Oh my god I've been watching the Netflix drama series Cable Girls and within just a few episodes it completely dropped the plot and the characterization and is now jumping from plot twist to plot twist. It's not even dramatic anymore because it's just so absurd. Everyone's behavior became out of character so quickly and completely that they don't even have characters anymore and I don't even know what the main character is doing most of the time, not that she's had any development at all to begin with.

It makes me so angry because they had such a good concept and great actors and a good budget and I even think the writing would be really good if they would just WRITE A STORY instead of hopping from twist to twist. It's so frustrating.

Worse still, a lot of their mistakes completely mirror mistakes made in the series Call the Midwife, which I kind of suspected from the beginning because the main characters are identical replicas of the main characters from that series. Specifically with the main character, the problem that Call the Midwife took three-ish seasons to develop (i.e they gave less and less attention to the main character in favor of other characters and never developed her properly so she became personality-less) it took maybe 2 episodes for Cable Girls to repeat.

Aahhh. I want to shake those writers and be like "You've removed the drama from your drama series with all these absurd plot twists!! Go back and write a consistent plot!!"

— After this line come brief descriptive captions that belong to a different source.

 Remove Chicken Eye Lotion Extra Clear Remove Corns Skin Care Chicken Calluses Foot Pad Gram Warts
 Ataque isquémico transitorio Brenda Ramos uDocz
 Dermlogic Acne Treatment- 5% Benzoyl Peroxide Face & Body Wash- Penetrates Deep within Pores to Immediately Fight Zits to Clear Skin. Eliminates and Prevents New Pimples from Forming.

Sorry that point wasn't so clear. I meant specifically explaining what's happened. Sometimes you've got to tell your readers a little bit of info. I don't think it's good to explain what's just happened. Like if there was a scene in Macbeth where Macbeth was saying, "So first I met some witches, then I killed the King and now I'm going to kill my good friend Banquo because he opposes me..." it would slow things right down.

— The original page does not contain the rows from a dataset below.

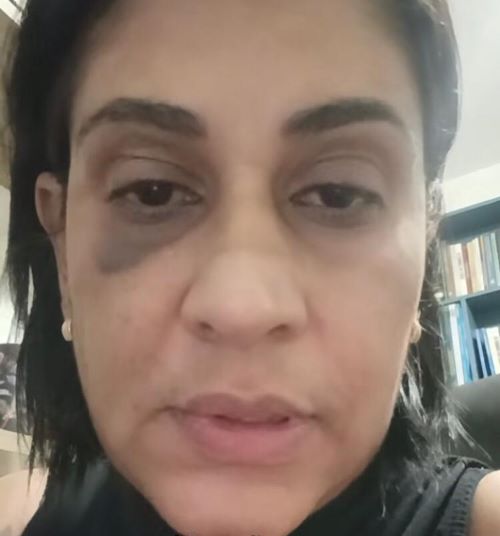 Professora de Lafaiete denuncia agressão após discussão política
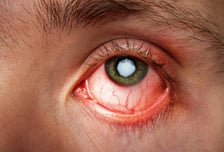 또 눈곱이 덕지덕지…휴가철 불청객 찾아왔다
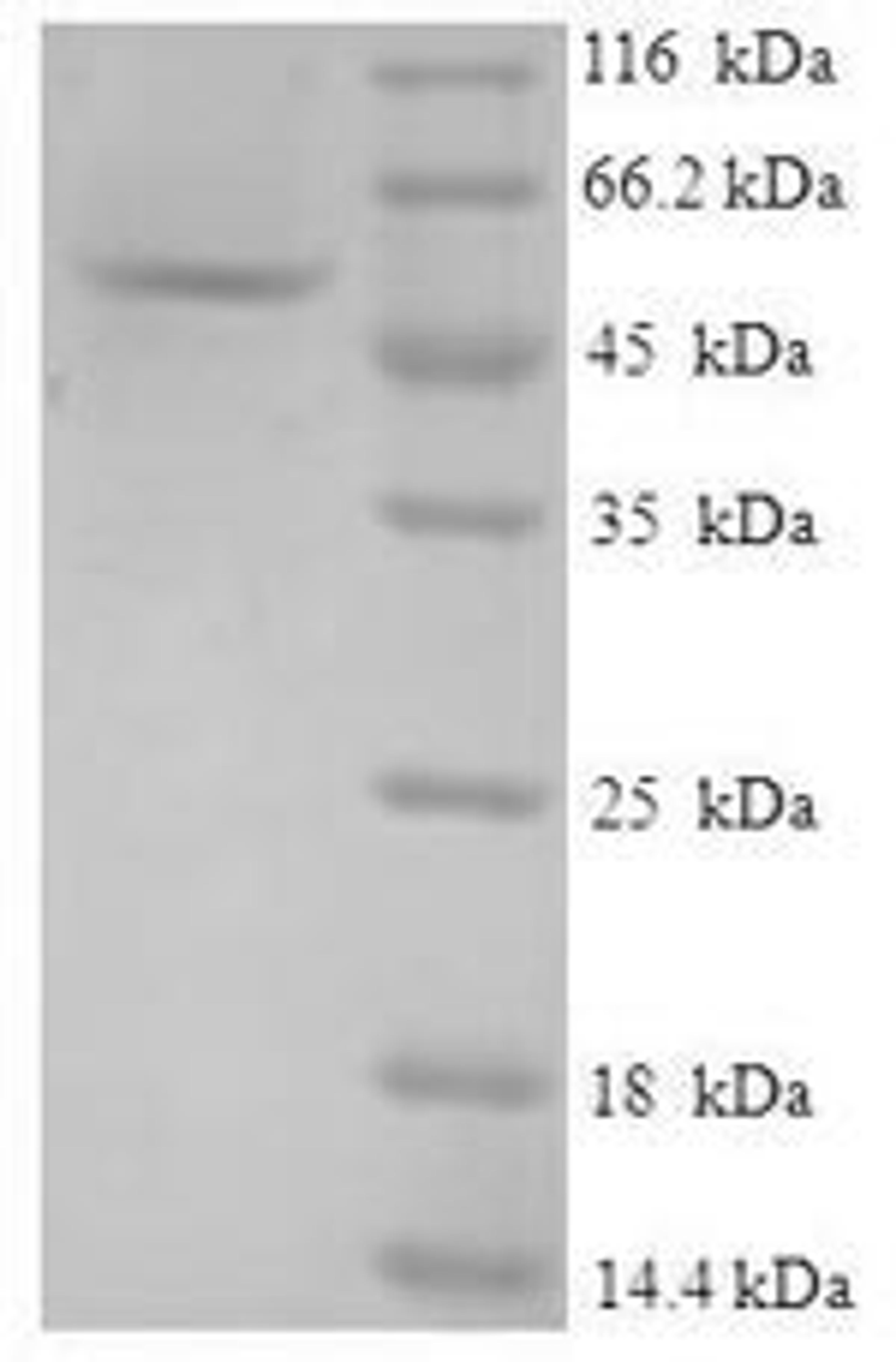 (Tris-Glycine gel) Discontinuous SDS-PAGE (reduced) with 5% enrichment gel and 15% separation gel.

Uh, well, you gotta plan ahead. While it is true that sometimes characters act on their own, nothing big should come "out of nowhere" - and if it does, it should be so coherent that you can blend it easily in the story

One of the most common way to kill a plot to me is: taking said plot from a role playing game adventures. Most of the time those adventures sound cool but don't really go anywhere; the writer starts with a cool idea, cool party, cool setting and no directions

I get it now , sorry for my comment i wasn't trying to be the smartass but i kinda was.

I really do not like Deux ex machina endings especially ones like the Wizard of Oz where a powerful being had the ability to help out the protagolist but didn't because they wanted them to learn a lesson or save the kingdom. Like so many story try to make it sound all charming but it comes across as manipulative. (It would be interesting to have a story address it as manipulation, tho.)

Haha no totally not. I think everybody has different levels where their suspense of disbelief breaks anyway because it's all really bound to personal experience. Going back to the falling in love example, if you're somebody who falls in love at the drop of a hat, this is going to seem more realistic than if you're somebody who doesn't. But I think it's always good to know your characters inside out and to know exactly what is making them tick. Then if you're writing something that may kill the plot, you'll instinctively feel that actually the character wouldn't make this decision.